# care sheet needed for draco volans/ flying dragon



## charlottej1983 (Oct 29, 2007)

there is a possability i may be getting a few of these next week. but i cant seem to find any decent advise on them, i know there arboreal, and diurnal. and eat ants, termites and small insects. any help appreciated. here is a pic of them. i think there stunning


----------



## zemanski (Jun 15, 2008)

my son would go crazy for one of those:mf_dribble: (autistic with a dragon obsession, which is why we have a beardie in the first place)

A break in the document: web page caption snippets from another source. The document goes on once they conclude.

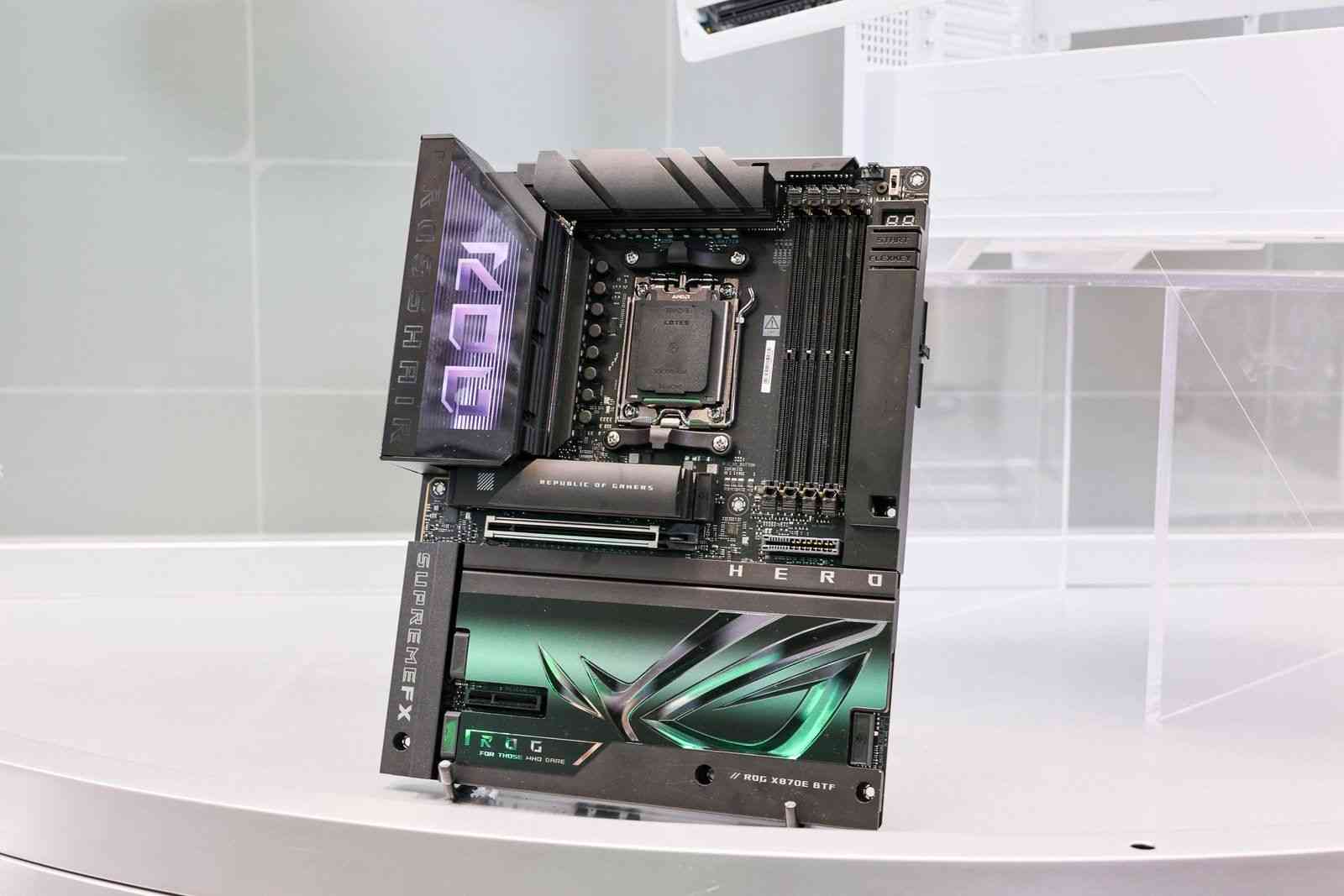 华硕主板撼动BW2025 ROG玩+乐园引玩家狂欢(图21)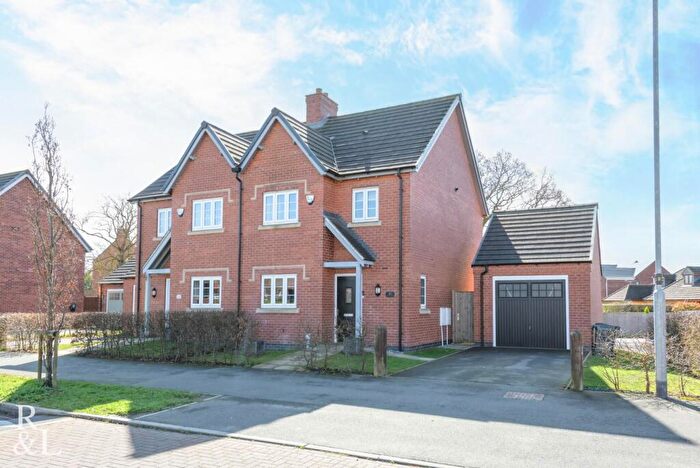 3 Bedroom Semi-Detached House For Sale In Oakland Drive, Moira, DE12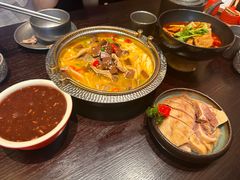 -古都历食南京菜·烤鸭·鸭血粉丝·汤包(南京博物院店)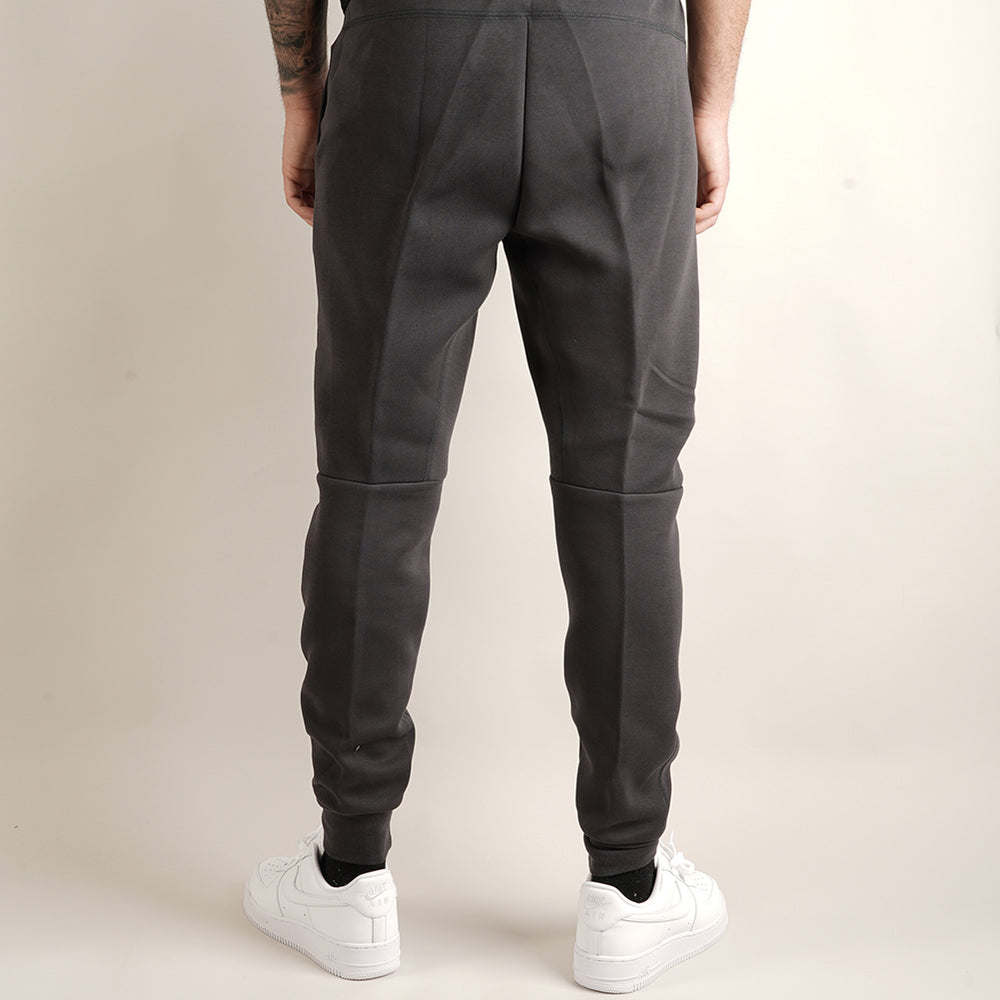 
                  
                    NIKE TECH FLEECE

sorry, no idea how to look after one


----------



## charlottej1983 (Oct 29, 2007)

zemanski said:


> my son would go crazy for one of those:mf_dribble: (autistic with a dragon obsession, which is why we have a beardie in the first place)
> 
> sorry, no idea how to look after one


:lol2: the plan is, if we can sort out correct care etc etc, and after we have kept a few our selves to see how it goes, we will hopefully stock them in the shop. and they will be priced around £20 each.


----------



## zemanski (Jun 15, 2008)

found some great pictures

http://animaldiversity.ummz.umich.e...Agamidae/v07_id28_con_flylizar.jpg/medium.jpg

http://farm1.static.flickr.com/72/191336315_1adb5396b7.jpg?v=0


http://www.membrana.ru/images/articles/1174483084-3.jpeg


they are so tiny

clearly arboreal but they probably need flight space so you'd need an aviary type set up rather than a chameleon type viv


this page has some good info

Google Image Result for http://animaldiversity.ummz.umich.edu/site/resources/Grzimek_herps/Agamidae/v07_id28_con_flylizar.jpg/medium.jpg


seems they might be prone to escapology:lol2:


----------